I'm also not sure about the duplicate constraint validation messages, for example test_neo_source.py is giving

metadata = {'code': 'Neo.ClientError.Schema.ConstraintValidationFailed', 'message': "Node(10) already exists with label `biolink:NamedThing` and property `id` = 'A'"}

I see lots of similar messages when loading an actual kgx file, but my guess is that this might just be something to clean up for tidy output rather than an actual problem?

I don't know that it's strictly necessary for this PR, but I think it's probably worth looking at using transactions rather than just session().run() for each query.

This has examples of defining each query as it's own function to use with transactions: https://neo4j.com/docs/python-manual/current/session-api/ which might require a bit of refactoring

They're a little less elegant, but it might be reasonable to follow this example for just declaring explicit transactions
https://singerlinks.com/2020/12/neo4j-explicit-transactions-using-python/

@kevinschaper
Copy link
Collaborator Author

Also, I just realized that the connection problem that's getting hit in the tests might actually be incompatibility with Neo4j 3.5 (uh oh)

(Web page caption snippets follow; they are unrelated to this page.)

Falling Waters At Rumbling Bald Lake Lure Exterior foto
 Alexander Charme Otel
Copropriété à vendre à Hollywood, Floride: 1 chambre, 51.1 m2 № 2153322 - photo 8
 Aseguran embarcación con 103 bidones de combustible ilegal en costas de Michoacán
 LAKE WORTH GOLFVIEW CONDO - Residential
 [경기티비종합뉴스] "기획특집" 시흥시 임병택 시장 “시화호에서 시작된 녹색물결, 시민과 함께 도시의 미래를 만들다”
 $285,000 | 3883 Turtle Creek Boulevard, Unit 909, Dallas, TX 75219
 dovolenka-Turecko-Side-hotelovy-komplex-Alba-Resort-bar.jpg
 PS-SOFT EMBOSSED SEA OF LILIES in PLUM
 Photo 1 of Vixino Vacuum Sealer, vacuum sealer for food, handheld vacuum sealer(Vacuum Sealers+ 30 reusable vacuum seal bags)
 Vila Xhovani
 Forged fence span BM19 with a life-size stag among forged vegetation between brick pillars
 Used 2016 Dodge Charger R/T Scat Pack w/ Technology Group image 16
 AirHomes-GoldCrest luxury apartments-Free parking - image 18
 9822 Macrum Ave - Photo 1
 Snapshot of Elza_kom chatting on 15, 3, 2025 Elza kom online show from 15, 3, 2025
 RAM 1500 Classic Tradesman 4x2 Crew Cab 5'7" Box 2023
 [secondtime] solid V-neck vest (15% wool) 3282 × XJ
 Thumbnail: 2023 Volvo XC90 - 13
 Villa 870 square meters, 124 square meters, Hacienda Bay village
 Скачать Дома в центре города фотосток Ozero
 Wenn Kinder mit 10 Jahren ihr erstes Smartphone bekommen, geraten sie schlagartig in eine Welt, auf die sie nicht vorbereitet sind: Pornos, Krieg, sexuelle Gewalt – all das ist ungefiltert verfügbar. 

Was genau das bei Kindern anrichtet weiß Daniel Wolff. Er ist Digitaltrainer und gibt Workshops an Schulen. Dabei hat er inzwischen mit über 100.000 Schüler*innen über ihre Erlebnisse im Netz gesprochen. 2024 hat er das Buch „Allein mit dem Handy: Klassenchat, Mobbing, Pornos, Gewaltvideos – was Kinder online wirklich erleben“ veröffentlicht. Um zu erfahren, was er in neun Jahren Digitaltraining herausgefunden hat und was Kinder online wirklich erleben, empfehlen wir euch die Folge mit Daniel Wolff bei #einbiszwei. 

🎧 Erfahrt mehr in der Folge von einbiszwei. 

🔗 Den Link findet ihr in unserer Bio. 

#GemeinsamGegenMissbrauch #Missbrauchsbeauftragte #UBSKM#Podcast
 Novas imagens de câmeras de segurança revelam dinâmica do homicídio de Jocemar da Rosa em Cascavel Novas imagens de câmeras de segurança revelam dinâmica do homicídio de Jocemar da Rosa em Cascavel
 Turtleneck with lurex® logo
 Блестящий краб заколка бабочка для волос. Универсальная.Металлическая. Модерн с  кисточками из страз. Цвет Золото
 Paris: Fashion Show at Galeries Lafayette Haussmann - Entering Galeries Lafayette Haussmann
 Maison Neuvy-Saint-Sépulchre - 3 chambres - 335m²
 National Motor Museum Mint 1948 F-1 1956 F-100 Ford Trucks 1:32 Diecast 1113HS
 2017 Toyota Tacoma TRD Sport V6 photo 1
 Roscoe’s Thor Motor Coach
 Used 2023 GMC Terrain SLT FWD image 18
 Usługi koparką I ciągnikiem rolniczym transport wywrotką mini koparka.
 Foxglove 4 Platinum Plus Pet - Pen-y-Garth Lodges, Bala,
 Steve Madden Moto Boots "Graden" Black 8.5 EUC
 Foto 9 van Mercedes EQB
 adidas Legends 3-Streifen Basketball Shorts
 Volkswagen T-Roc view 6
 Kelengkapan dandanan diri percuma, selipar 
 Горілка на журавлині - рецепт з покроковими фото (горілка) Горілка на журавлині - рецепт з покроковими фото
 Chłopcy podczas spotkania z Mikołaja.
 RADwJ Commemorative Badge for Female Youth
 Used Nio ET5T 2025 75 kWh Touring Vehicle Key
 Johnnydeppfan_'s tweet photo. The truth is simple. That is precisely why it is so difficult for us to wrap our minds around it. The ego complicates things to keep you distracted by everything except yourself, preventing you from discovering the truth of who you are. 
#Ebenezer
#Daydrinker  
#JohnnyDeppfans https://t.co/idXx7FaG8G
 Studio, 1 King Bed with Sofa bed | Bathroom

@kevinschaper kevinschaper changed the title A start at upgrading to the neo4j client for 4.3 compatibility Switch from neo4jrestclient to neo4j for Neo4j 4.3 compatibility Oct 8, 2021
@RichardBruskiewich
Copy link
Collaborator

Also, I just realized that the connection problem that's getting hit in the tests might actually be incompatibility with Neo4j 3.5 (uh oh)

Neo4j 4.* seems to have moved more definitively towards exclusive use of its Bolt port 7687. One suspects that this could be one particular source of gross major release backwards incompatibility with 3.* releases?

If KGX needs to support both releases, we may need to parameterize the calling of KGX to know which Neo4j version it is targeting, and this may also require the maintenance of two parallel code implementations, one supporting each version?

I can perhaps start taking a closer look at this next week sometime.

@RichardBruskiewich
Copy link
Collaborator

@cmungall @sierra-moxon, I've previously had the suspicion that that there is sufficient incompatibility between 3.5++ and 4.* Neo4j that one size of KGX neo4j sink/source won't fit all. I'm not sure how many KGX users currently depend on 3.5++, for which the pain of upgrade to 4.3++ would be significant.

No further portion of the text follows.